[Saved data entries]
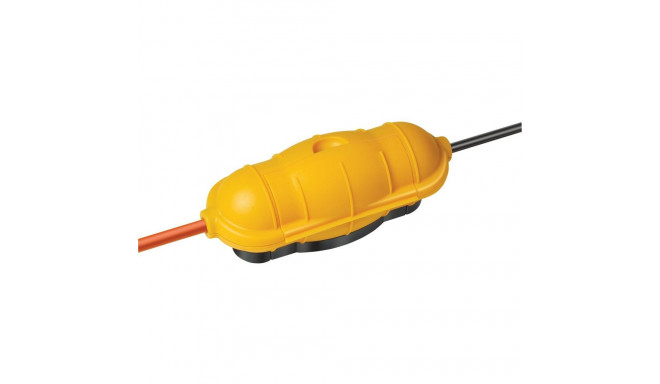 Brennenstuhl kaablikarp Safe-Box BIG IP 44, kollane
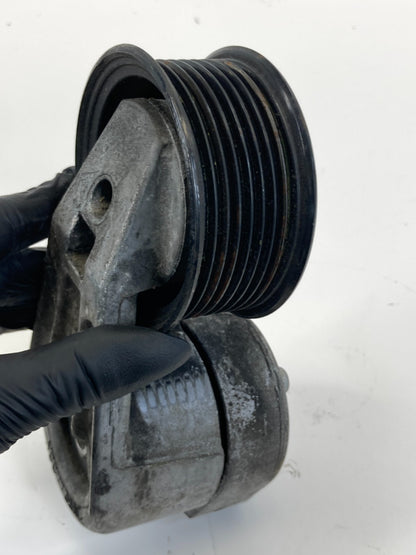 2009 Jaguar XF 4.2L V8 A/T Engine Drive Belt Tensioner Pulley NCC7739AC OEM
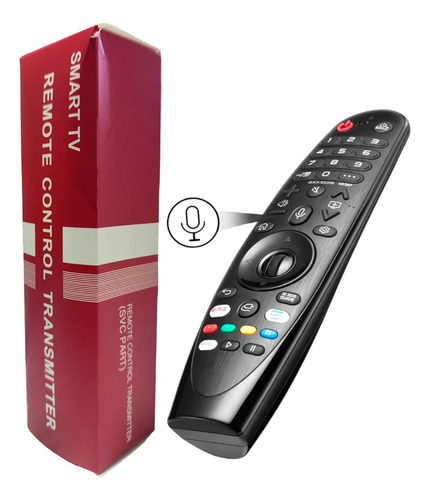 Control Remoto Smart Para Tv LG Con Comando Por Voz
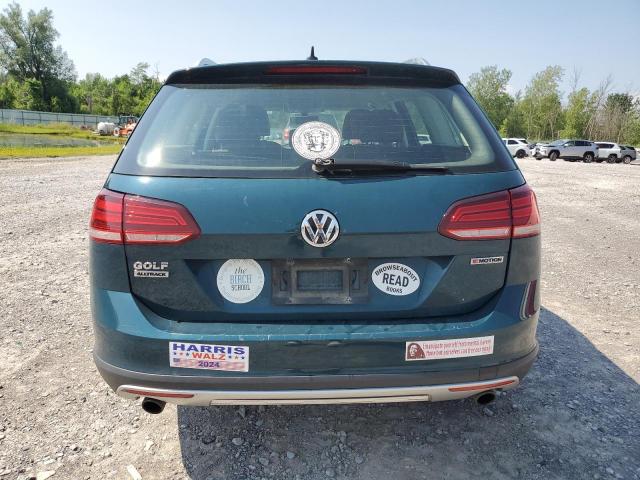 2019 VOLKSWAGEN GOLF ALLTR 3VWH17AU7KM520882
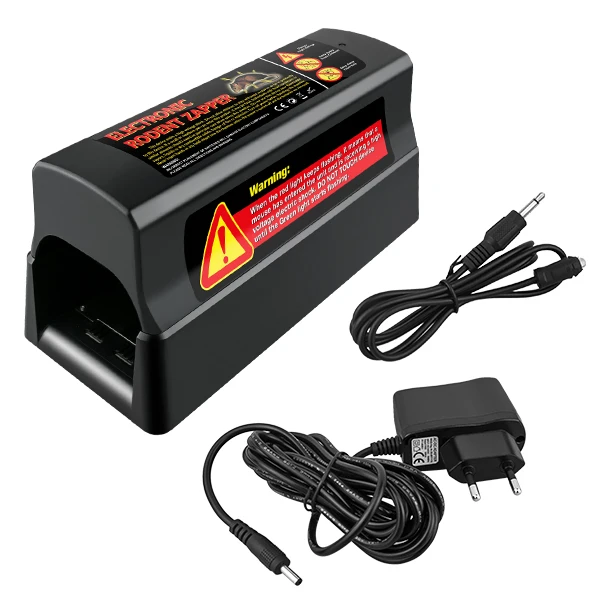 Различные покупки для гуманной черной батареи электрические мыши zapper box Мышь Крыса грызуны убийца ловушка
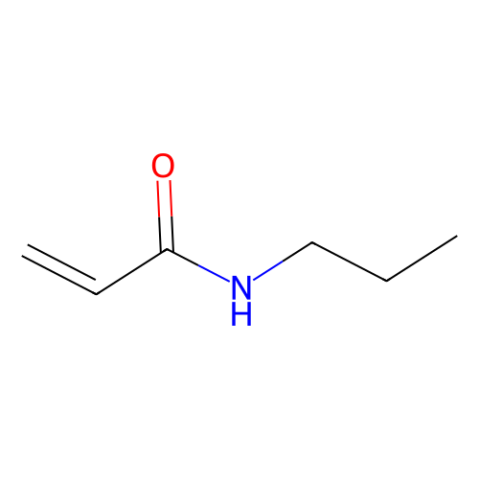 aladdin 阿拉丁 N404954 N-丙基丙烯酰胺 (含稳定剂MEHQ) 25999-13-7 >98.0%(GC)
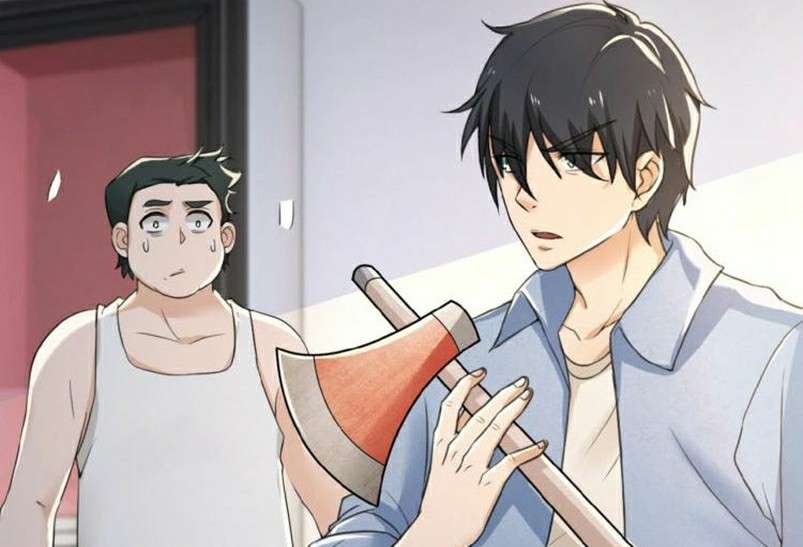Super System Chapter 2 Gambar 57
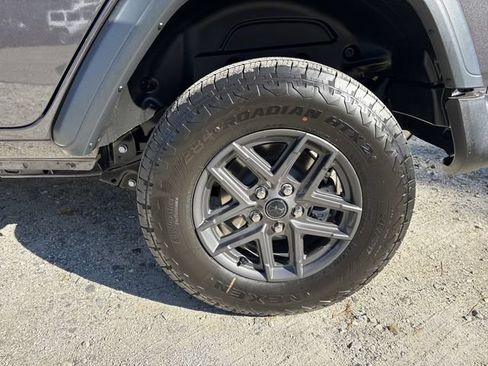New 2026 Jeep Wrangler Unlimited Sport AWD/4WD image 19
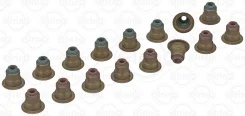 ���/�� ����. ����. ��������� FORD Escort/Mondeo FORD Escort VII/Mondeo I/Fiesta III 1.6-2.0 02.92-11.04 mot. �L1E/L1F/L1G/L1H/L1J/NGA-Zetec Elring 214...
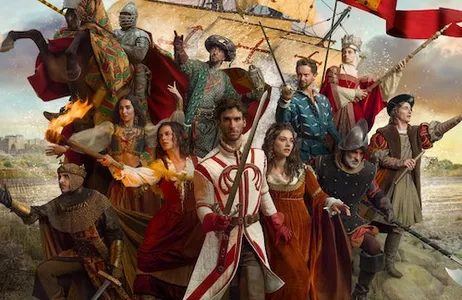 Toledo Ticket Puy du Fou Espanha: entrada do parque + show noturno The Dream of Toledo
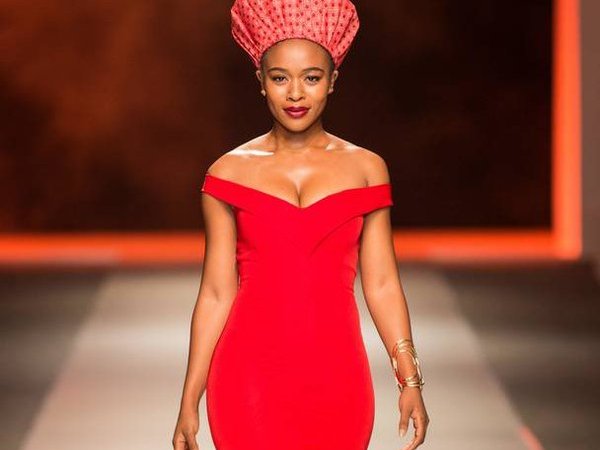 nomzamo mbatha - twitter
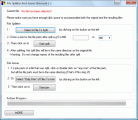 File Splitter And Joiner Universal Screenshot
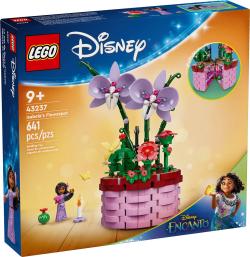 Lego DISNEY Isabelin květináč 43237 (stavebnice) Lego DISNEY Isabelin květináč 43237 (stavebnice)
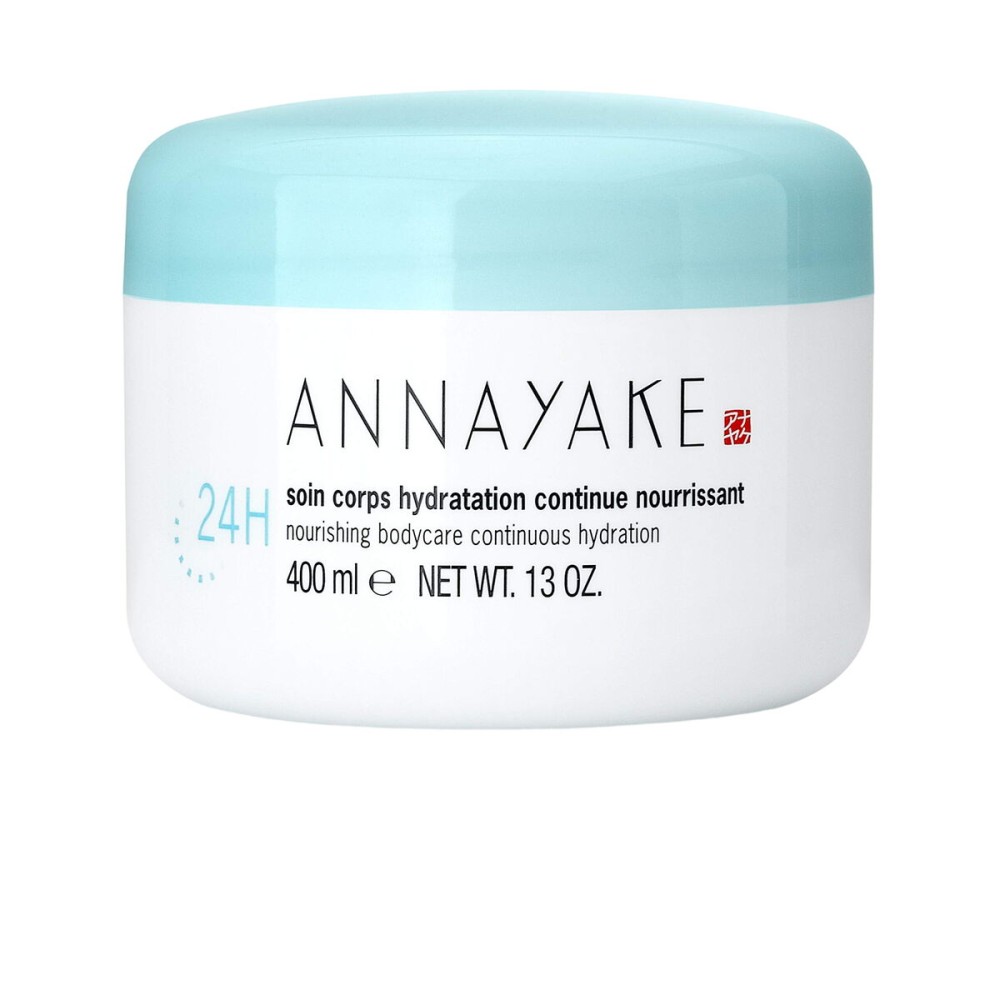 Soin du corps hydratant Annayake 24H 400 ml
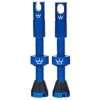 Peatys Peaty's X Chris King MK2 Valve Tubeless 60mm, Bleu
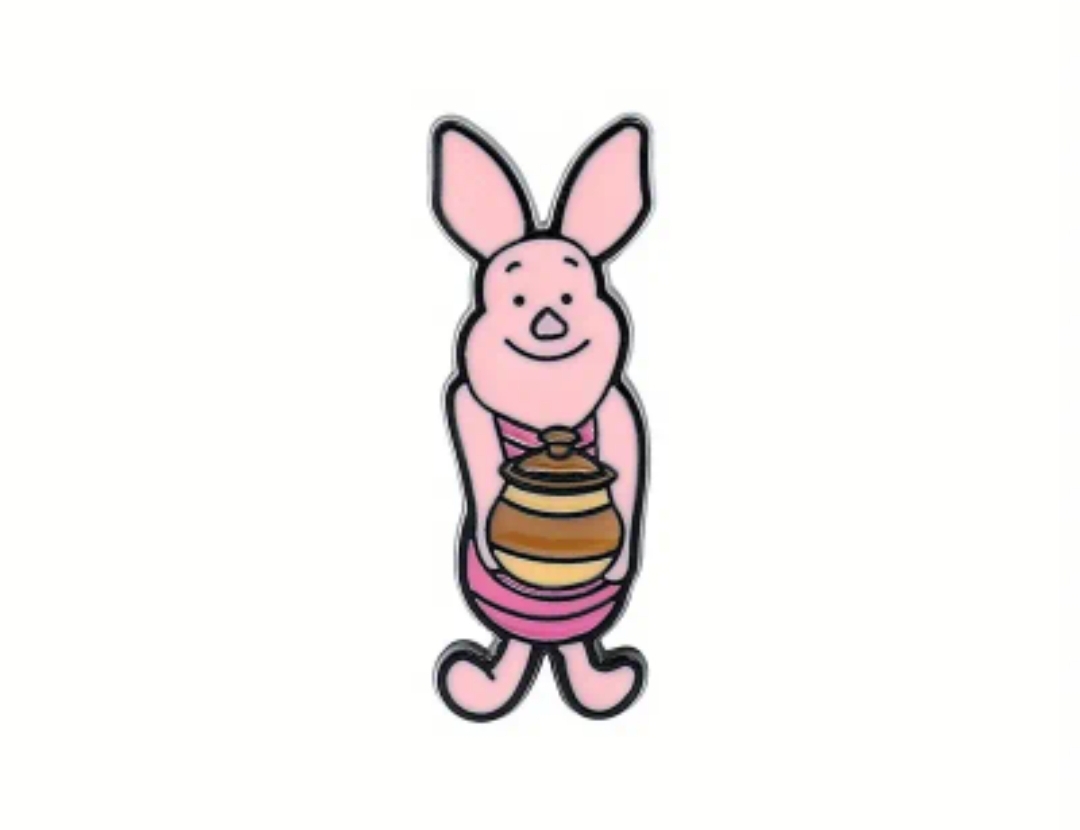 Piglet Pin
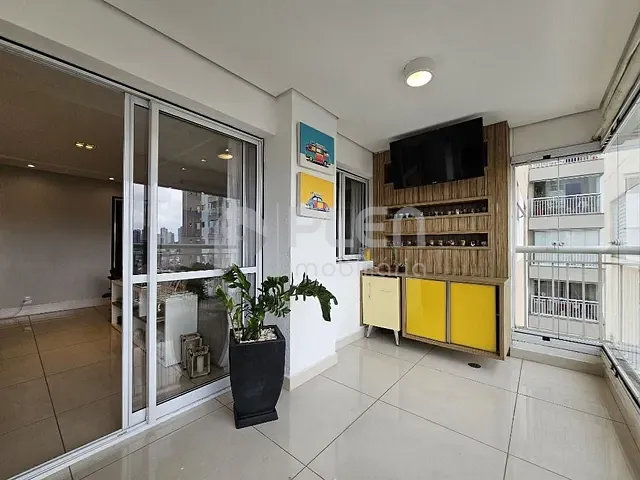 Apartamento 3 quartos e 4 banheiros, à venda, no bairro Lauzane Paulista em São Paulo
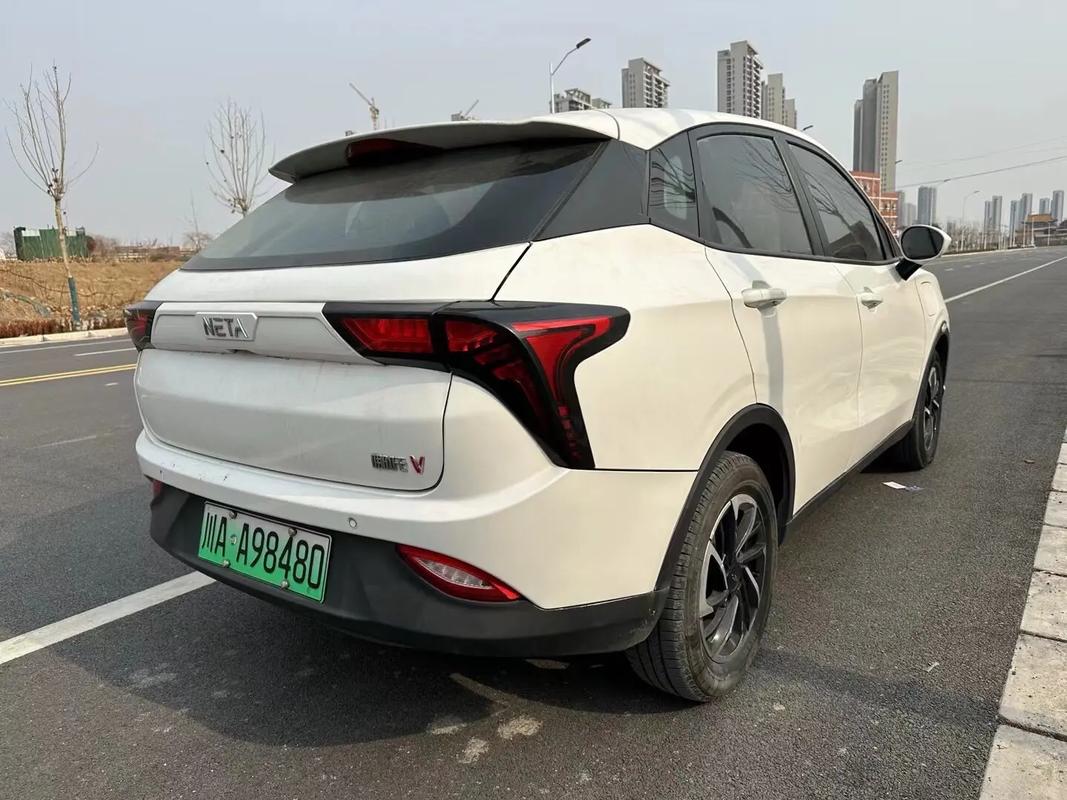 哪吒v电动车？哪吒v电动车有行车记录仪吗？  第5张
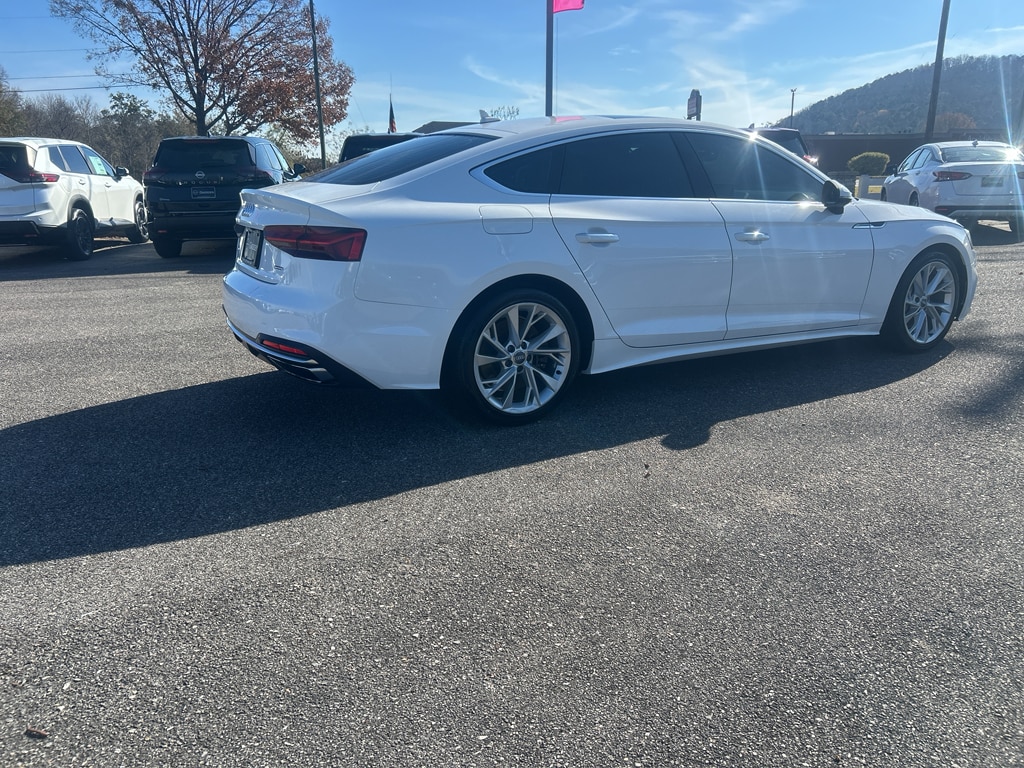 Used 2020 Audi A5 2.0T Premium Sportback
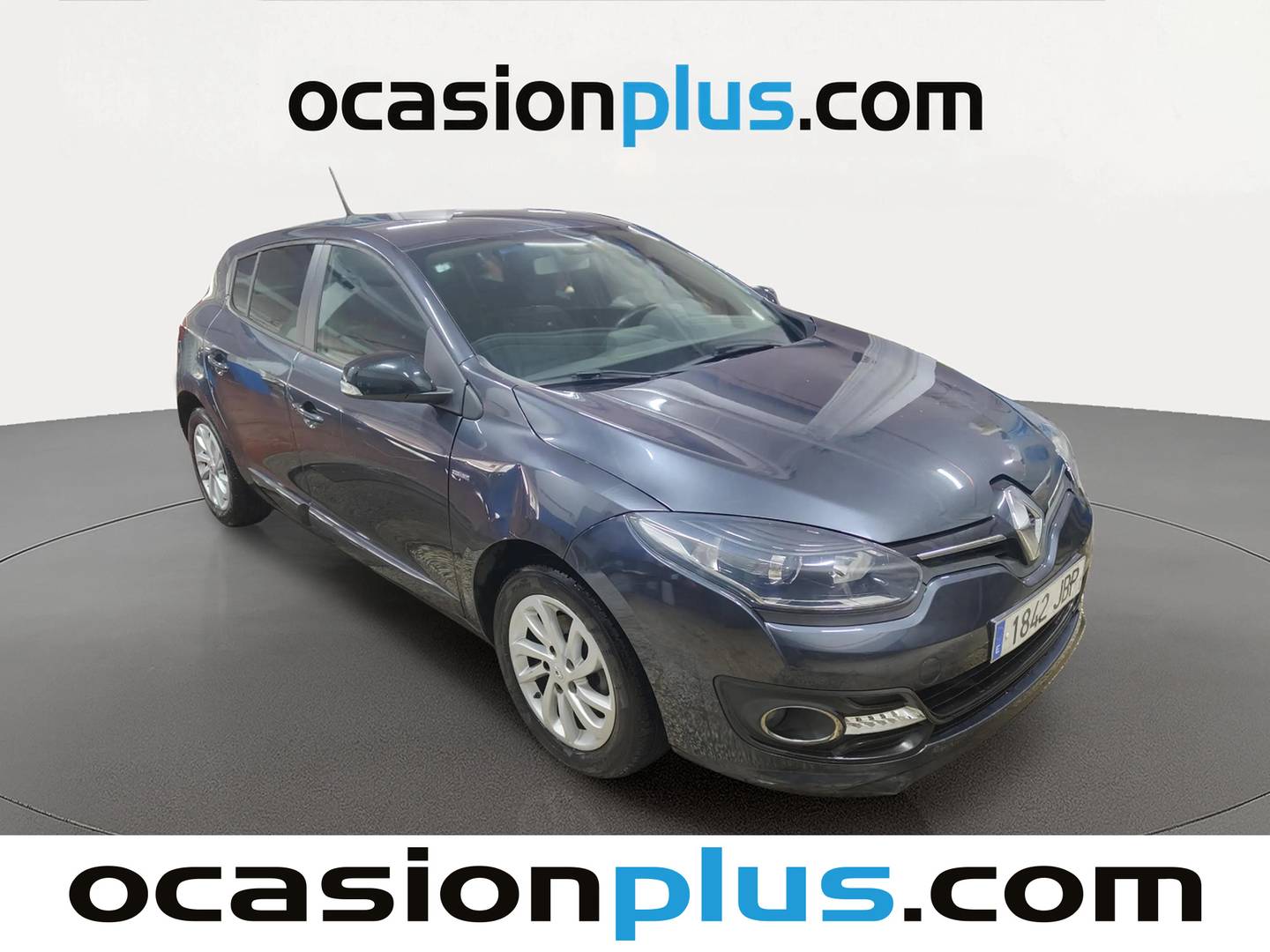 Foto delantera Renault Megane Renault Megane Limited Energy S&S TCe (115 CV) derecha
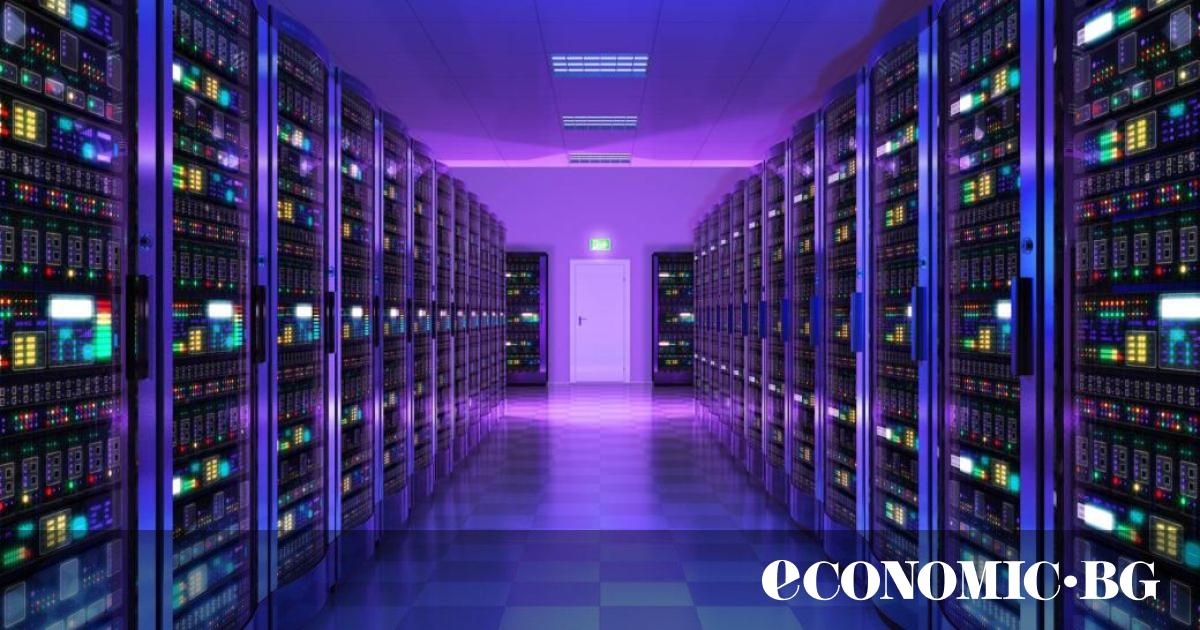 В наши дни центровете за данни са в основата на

WHAT IS BEING ASKED: Up to and including the line containing "2019 VOLKSWAGEN GOLF ALLTR 3VWH17AU7KM520882", repeat every line from the start of the data, but none of the pictures.

RESULT:
 Brennenstuhl kaablikarp Safe-Box BIG IP 44, kollane
 2009 Jaguar XF 4.2L V8 A/T Engine Drive Belt Tensioner Pulley NCC7739AC OEM
 Control Remoto Smart Para Tv LG Con Comando Por Voz
 2019 VOLKSWAGEN GOLF ALLTR 3VWH17AU7KM520882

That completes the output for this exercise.